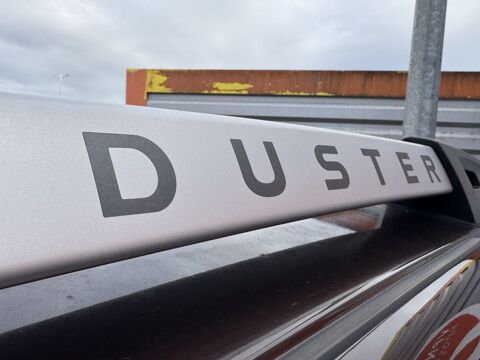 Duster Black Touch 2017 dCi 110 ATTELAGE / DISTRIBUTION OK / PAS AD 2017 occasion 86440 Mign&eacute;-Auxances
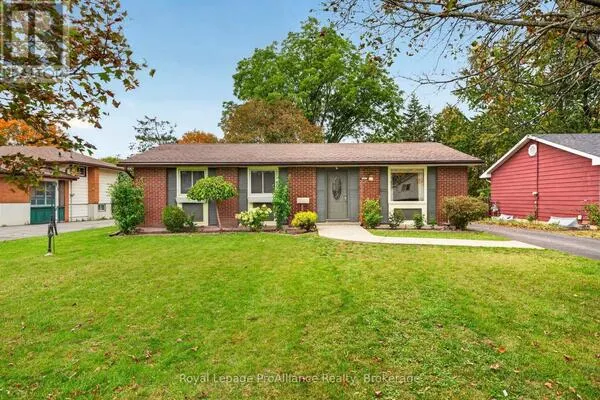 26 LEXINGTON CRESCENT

* * *

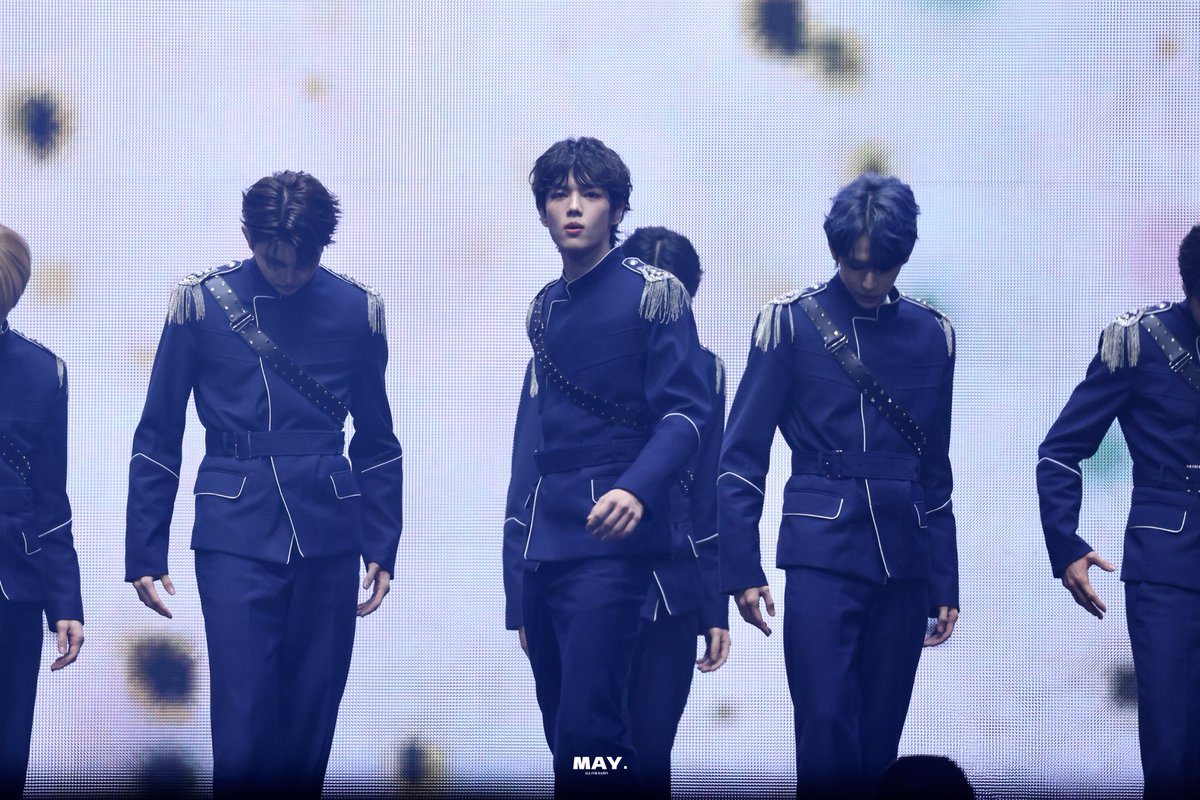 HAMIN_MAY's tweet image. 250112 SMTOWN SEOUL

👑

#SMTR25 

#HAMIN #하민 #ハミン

Aim of the task |
Would you please repeat only the lines above, beginning at the one that has "HAMIN_MAY's tweet image. 250112 SMTOWN SEOUL" and stopping after the one that has "#HAMIN #하민 #ハミン", exactly and with no pictures?

Answer to the problem |
 HAMIN_MAY's tweet image. 250112 SMTOWN SEOUL

👑

#SMTR25 

#HAMIN #하민 #ハミン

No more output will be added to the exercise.